# Work required:
Go through the listing below and output exactly the line with "Trực tiếp: Đặng", the line with "罗体：卢卡库想尽快复出，他希望在月底对罗马时回归赛场", and each line between; omit the rest.

# Source information:
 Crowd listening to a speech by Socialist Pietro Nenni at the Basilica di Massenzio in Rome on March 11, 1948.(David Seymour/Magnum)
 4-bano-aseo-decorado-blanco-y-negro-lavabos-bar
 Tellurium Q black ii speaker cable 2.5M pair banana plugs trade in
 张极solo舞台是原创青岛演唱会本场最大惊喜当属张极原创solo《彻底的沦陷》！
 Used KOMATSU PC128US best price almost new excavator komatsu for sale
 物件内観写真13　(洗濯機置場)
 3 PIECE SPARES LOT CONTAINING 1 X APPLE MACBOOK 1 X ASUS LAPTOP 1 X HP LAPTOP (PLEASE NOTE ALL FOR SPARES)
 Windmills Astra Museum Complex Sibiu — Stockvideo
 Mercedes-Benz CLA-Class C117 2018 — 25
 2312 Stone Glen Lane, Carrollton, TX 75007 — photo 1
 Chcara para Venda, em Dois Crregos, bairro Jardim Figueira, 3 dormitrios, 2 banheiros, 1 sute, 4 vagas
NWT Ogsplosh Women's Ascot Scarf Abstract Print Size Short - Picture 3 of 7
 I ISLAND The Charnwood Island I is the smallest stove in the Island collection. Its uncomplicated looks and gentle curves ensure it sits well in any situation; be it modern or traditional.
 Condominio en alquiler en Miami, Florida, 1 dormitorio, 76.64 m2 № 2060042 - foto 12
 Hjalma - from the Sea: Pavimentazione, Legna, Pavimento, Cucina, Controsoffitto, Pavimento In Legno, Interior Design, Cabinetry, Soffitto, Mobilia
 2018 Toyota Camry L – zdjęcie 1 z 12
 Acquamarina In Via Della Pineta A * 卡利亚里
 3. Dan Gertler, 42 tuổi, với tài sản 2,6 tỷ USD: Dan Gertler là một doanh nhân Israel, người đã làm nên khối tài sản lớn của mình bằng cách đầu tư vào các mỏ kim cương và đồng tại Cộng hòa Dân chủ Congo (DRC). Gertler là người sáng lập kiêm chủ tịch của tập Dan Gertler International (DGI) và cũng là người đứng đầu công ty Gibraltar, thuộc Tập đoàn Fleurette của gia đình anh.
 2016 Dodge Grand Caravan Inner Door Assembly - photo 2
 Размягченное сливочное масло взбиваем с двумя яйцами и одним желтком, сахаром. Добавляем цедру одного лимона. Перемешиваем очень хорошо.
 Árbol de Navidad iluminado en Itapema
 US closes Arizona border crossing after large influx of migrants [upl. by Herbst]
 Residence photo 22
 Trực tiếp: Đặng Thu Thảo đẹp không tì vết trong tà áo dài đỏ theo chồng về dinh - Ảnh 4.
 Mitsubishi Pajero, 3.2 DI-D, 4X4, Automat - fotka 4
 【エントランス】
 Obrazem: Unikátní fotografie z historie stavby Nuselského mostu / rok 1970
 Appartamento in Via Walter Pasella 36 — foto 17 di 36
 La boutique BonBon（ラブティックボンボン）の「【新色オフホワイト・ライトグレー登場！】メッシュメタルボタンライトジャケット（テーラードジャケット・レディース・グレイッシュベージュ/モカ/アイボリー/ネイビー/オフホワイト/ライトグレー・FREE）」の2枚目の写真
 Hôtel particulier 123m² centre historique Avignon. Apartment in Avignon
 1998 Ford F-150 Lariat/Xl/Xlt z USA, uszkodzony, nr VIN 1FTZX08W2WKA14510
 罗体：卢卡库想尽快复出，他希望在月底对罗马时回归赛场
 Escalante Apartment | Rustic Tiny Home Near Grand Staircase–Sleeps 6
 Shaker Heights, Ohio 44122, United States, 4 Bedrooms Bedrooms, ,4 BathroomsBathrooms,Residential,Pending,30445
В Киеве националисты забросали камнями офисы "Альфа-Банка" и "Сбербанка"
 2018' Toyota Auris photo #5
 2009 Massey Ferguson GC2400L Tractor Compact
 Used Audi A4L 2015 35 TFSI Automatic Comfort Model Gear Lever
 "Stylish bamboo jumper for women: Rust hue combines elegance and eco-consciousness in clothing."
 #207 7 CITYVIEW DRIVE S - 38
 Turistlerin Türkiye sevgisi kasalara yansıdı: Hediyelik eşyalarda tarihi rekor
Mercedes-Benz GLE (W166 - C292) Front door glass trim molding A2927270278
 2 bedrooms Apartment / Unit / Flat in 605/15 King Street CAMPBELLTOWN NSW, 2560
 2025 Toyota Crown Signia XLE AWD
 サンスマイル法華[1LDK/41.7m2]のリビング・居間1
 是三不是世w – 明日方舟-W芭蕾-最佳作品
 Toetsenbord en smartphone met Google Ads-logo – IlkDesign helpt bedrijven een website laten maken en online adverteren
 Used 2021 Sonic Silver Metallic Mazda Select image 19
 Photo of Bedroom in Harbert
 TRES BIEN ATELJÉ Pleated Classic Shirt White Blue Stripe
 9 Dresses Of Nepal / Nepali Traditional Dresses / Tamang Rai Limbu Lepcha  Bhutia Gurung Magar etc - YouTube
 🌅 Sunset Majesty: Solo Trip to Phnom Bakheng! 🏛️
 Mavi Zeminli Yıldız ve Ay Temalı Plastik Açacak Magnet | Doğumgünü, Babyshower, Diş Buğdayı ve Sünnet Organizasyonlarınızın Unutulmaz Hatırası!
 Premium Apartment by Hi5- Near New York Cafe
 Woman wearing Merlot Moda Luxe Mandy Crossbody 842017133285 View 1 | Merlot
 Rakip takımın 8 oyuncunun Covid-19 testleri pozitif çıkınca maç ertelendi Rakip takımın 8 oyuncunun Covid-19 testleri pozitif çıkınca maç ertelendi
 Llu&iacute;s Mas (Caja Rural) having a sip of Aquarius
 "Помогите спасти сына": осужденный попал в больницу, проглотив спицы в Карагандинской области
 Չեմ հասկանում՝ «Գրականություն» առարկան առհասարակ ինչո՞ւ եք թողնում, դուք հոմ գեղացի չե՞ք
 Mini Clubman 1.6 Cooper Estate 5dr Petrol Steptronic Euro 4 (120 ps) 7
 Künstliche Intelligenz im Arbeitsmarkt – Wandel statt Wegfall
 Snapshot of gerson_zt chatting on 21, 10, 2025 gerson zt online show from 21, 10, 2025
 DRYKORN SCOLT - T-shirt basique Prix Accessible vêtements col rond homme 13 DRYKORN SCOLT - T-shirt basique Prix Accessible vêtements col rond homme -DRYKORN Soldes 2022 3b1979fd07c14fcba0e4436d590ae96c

# Exercise result:
 Trực tiếp: Đặng Thu Thảo đẹp không tì vết trong tà áo dài đỏ theo chồng về dinh - Ảnh 4.
 Mitsubishi Pajero, 3.2 DI-D, 4X4, Automat - fotka 4
 【エントランス】
 Obrazem: Unikátní fotografie z historie stavby Nuselského mostu / rok 1970
 Appartamento in Via Walter Pasella 36 — foto 17 di 36
 La boutique BonBon（ラブティックボンボン）の「【新色オフホワイト・ライトグレー登場！】メッシュメタルボタンライトジャケット（テーラードジャケット・レディース・グレイッシュベージュ/モカ/アイボリー/ネイビー/オフホワイト/ライトグレー・FREE）」の2枚目の写真
 Hôtel particulier 123m² centre historique Avignon. Apartment in Avignon
 1998 Ford F-150 Lariat/Xl/Xlt z USA, uszkodzony, nr VIN 1FTZX08W2WKA14510
 罗体：卢卡库想尽快复出，他希望在月底对罗马时回归赛场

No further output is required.